Tourisme au milieu d’un voyage largement salué par les médias

Pologne: Jour de repos pour Jean Paul II

Varovie, 9 juin 1999 (APIC) Après avoir rencontré quelque trois millions de personnes au cours des quatre premiers jours de son voyage en Pologne, le pape a pris mercredi une journée de repos. D’une manière générale Jean Paul II continue à faire la une des journaux polonais, toute tendance politique confondue. Les grands titres restent centrés sur le message religieux que le pape transmet à son pays au fil de ses visites.

«Heureux les persécutés pour la justice» titrait mardi en première page le «Zycie Varswy» (La vie de Varsovie); «La saison des nouveaux martyrs», écrivait «Rzeczpospolita» (La République); «La grâce du martyre», titrait «Zycie» (La vie), en référence au Père Popielusko, assassiné par la police communiste; alors que le plus grand quotidien, la «Gazeta Wyborcza» (Journal électoral) né il y a dix ans, décidait d’affronter le thème de la «foi et la raison».

Le directeur de la «Gazeta» a de son côté consacré sa rubrique «Opinion» à la rencontre entre le pape et Mgr Tadeusz Pieronek, ancien secrétaire de la Conférence épiscopale polonaise.

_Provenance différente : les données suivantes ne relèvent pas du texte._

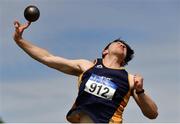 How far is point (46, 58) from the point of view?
10.1m

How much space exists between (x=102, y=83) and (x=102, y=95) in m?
0.21

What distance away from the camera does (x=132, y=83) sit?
31.9ft

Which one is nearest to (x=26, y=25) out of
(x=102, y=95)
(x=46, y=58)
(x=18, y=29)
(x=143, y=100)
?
(x=18, y=29)

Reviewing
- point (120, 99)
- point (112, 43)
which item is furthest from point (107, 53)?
point (120, 99)

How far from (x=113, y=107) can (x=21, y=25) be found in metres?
1.86

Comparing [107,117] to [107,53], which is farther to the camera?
[107,53]

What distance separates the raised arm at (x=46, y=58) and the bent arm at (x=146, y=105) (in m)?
0.92

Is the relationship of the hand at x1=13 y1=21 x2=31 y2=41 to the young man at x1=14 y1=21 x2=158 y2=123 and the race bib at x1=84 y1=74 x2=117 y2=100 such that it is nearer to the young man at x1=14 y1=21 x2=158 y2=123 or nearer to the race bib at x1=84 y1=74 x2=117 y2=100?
the young man at x1=14 y1=21 x2=158 y2=123

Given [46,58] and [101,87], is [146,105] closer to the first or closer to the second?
[101,87]

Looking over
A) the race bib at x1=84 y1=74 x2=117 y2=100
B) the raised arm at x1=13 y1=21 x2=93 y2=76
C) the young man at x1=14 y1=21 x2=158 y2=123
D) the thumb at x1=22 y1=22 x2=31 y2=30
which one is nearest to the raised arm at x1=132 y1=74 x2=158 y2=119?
the young man at x1=14 y1=21 x2=158 y2=123

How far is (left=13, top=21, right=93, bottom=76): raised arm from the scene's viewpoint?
10039 mm

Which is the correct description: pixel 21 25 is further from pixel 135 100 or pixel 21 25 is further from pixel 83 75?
pixel 135 100

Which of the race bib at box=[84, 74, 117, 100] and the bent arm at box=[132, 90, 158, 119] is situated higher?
the race bib at box=[84, 74, 117, 100]

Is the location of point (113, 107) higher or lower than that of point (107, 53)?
lower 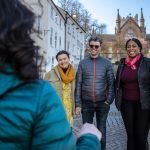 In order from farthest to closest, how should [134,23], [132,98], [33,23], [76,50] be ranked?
[134,23] → [76,50] → [132,98] → [33,23]

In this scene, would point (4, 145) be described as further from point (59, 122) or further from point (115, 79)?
point (115, 79)

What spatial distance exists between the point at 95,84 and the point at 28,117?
5.82 m

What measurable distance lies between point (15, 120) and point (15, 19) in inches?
12.9

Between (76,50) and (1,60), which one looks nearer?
(1,60)

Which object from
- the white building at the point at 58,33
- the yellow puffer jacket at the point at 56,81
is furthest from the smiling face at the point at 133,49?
the white building at the point at 58,33

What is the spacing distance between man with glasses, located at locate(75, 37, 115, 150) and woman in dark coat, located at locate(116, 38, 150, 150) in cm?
34

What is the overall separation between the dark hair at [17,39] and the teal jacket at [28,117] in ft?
0.11

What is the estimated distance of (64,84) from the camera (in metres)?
7.31

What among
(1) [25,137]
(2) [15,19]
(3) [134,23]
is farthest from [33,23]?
(3) [134,23]

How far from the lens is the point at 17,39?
149 centimetres

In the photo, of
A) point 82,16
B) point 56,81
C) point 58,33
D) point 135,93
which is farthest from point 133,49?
point 82,16

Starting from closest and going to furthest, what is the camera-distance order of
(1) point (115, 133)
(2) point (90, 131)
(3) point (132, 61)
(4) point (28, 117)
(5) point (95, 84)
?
1. (4) point (28, 117)
2. (2) point (90, 131)
3. (3) point (132, 61)
4. (5) point (95, 84)
5. (1) point (115, 133)

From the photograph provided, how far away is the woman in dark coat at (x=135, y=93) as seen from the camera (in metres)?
6.73

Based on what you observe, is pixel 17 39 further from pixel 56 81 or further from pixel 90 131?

Une enquête publiée il y a quelques jours montre que la grande majorité des polonais (81%) ont une grande affection pour le pape Wojtyla, et considèrent qu’il a joué un rôle décisif pour le bien du pays. 7% ont déclaré ne pas l’apprécier, et les autres sont plus ou moins indifférents. L’hebdomadaire satirique «Nie» (Non), dirigé par l’ancien porte-parole du président Jaruzelski, Jerzy Urban, vient de lancer une campagne contre la décision du gouvernement d’interdire les publicités de sous-vêtements féminins et de bikinis sur les parcours que doit emprunter le pape.

Journée de repos à la campagne

C’est à Wigry, un petit village de deux cents habitants au nord est de la Pologne, près de la frontière lituanienne, que le pape a choisi de reprendre des forces, en cette journée de mercredi. Enfoui dans une végétation luxuriante et entouré de lacs limpides, ce petit village doit son nom au lac Wigry et au vieux monastère construit au XVIIe siècle par des religieux camaldules qui furent pendant des siècles le point de référence de la dévotion populaire mariale dans toute la région. Endommagé puis complètement détruit pendant les deux guerres mondiales, l’ancien monastère a été patiemment reconstruit, grâce aux efforts de l’Eglise et du gouvernement.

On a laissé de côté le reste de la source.